La crisis, desde luego, mostró lo errado de estos dos supuestos. Por un lado porque, según se vio, los mecanismos de ajuste del mercado no fueron –ni son- suficientes en sí mismos, sobre todo cuando operan en un contexto de excesivo relajamiento en la regulación institucional. Por otro lado, porque permitió ver que un mayor nivel de integración entre los diferentes mercados puede significar también un mayor grado de vulnerabilidad compartida es decir que, como fue el caso, que la integración antes que ser un enérgico antídoto contra la recesión económica, puede, también ser un mecanismo altamente eficaz de transmisión de ésta.
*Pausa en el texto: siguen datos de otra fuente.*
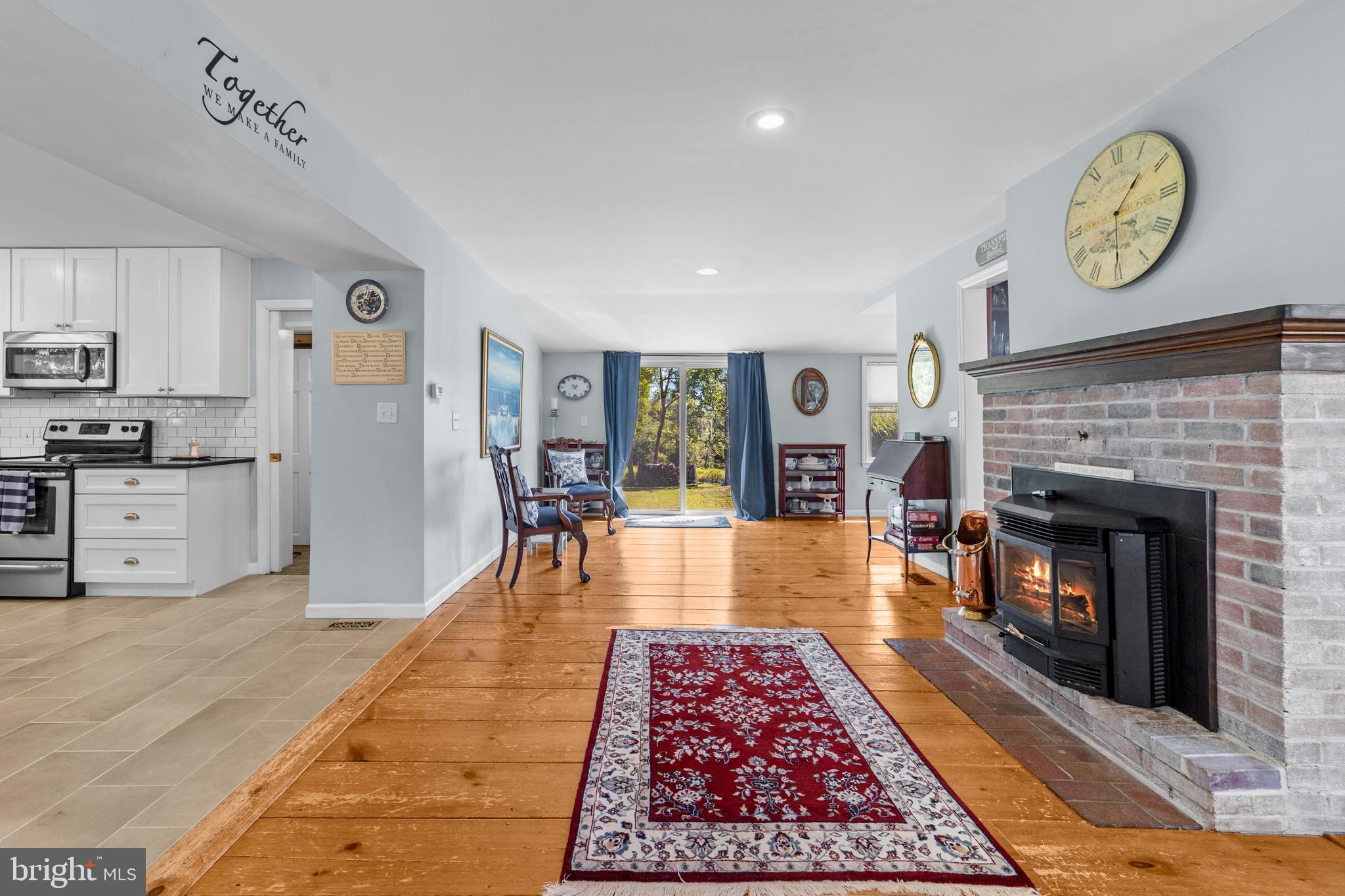 72 Poor Farm Road Pennington, NJ 08534 - Photo 20 of 38 a living room with furniture and a fireplace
Existen, desde luego, otros dogmas muy arraigados entre los economistas y que el advenimiento de la crisis puso en suspenso -anoto dos: el que establece una identidad espuria entre mercados libres y mercados sin regulación o aquel otro según el cual la racionalidad económica de las personas es mayor conforme más alto su nivel de ingresos- pero todos apuntan hacia una misma dirección: en economía, como en otras áreas de la vida social, contar con dogmas, por más atractivos que sean, no es lo mismo que contar con buenas ideas y el disponer de recetas económicas –derivadas de esos mismos dogmas- no equivale tampoco a contar con buenas políticas de desarrollo. Más aún: para contar con buenas ideas y buenas políticas públicas parece del todo aconsejable guardar las mayores distancias posibles con los dogmas.
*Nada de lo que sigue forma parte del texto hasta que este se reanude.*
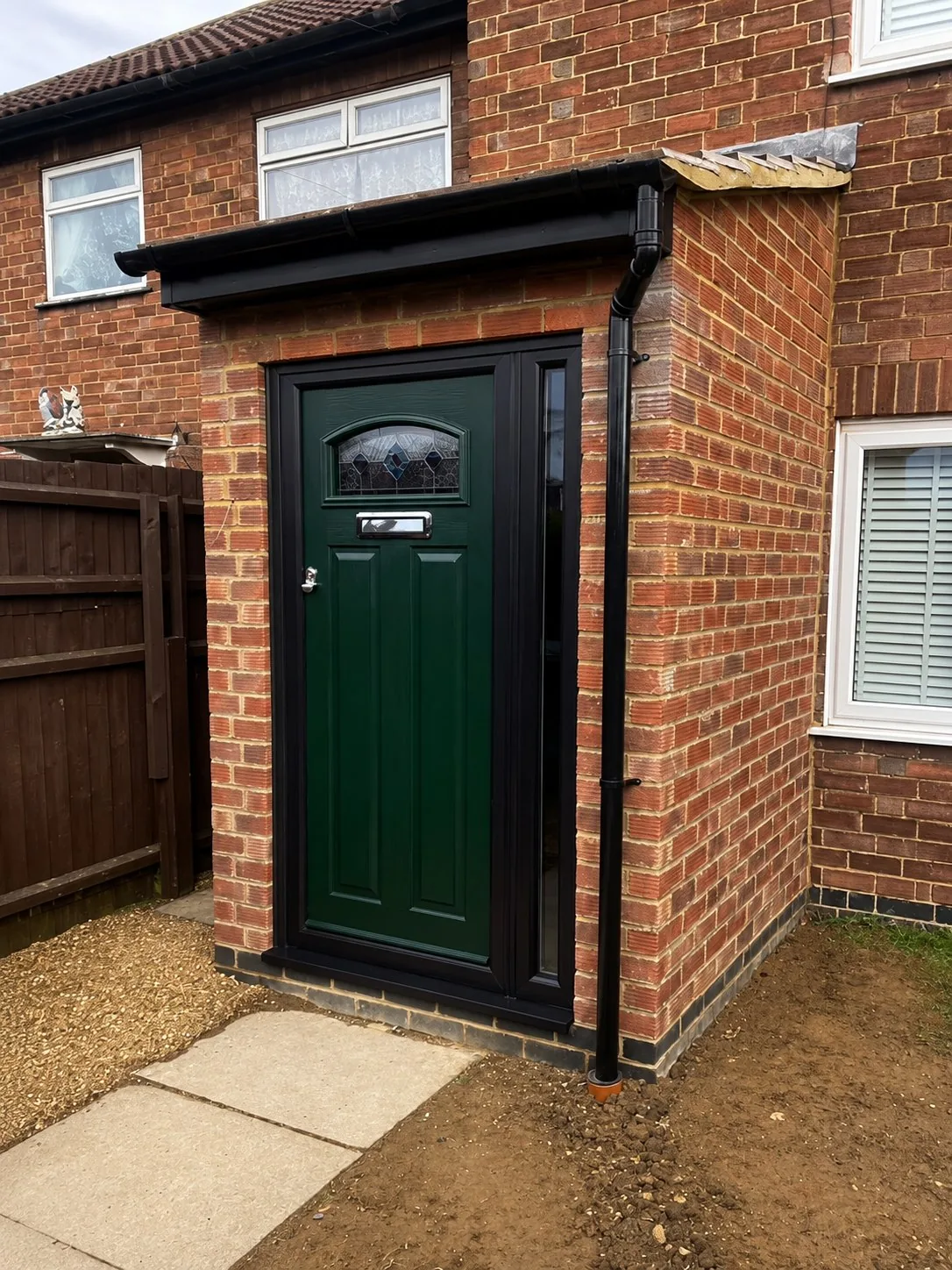 New brick entrance porch with a green composite door and black roofline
En este sentido, la crisis económica ha sido, a su vez, una crisis para la economía como disciplina. Ello no sólo porque los economistas no pudieron prever el advenimiento de la crisis –y no olvidemos que el riguroso anticipo de lo porvenir es una de las características básicas del quehacer científico-, ni porque la aparición misma de la crisis debe mucho a la vigencia de no pocos de los dogmas que los economistas han construido en los últimos años y a los cuales se aferran con un fervor cercano al delirio, sino, sobre todo, porque la crisis ha sido una severa llamada de atención en cuanto ha mostrado cuán urgente y profunda es la necesidad que tienen los economistas de llevar su disciplina más allá de lo que sus dogmas.
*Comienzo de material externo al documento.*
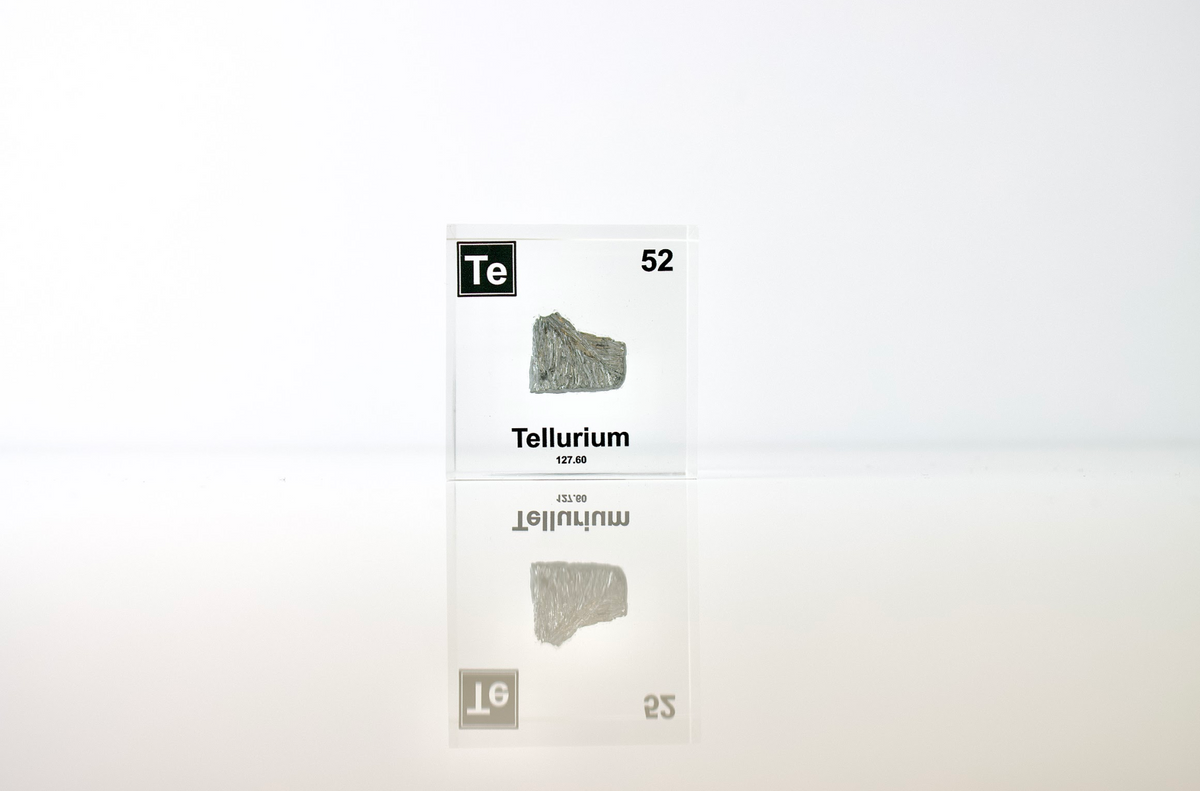 Tellurium element cube with dimension measurements on white background, collector gift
Ciertamente, sería una lástima que las posibilidades de encontrar una salida virtuosa a la crisis y las posibilidades mismas de transitar hacia un cambio económico serio, se viesen limitadas por el peso muerto de los dogmas y la consecuente pobreza de ideas. Sobre todo, porque, a pesar de su profundidad y alto costo social y político, la crisis no señala, ni por asomo, el final del capitalismo y de la economía de mercado. En el mejor de los casos lo que la crisis sí puede ayudar a precipitar es la emergencia de una nueva manera de entender tanto el funcionamiento de las economías como del balance, el punto de equilibrio, que debe darse entre la dinámica de creación de riqueza (el mercado) y las formas de distribuir tal riqueza (el Estado).
De ahí, en fin, que una de las grandes tareas de los economistas de hoy es abandonar dogmas y generar ideas –junto con las instituciones y políticas públicas- que, además de reconducir a la economía en la senda del crecimiento, ayuden a repensar su funcionamiento bajo modalidades más equitativas y sustentables. La crisis les ha dado esta inesperada oportunidad a los economistas –aunque no sólo a ellos- para que vuelvan a estar a la altura de las exigencias de su tiempo.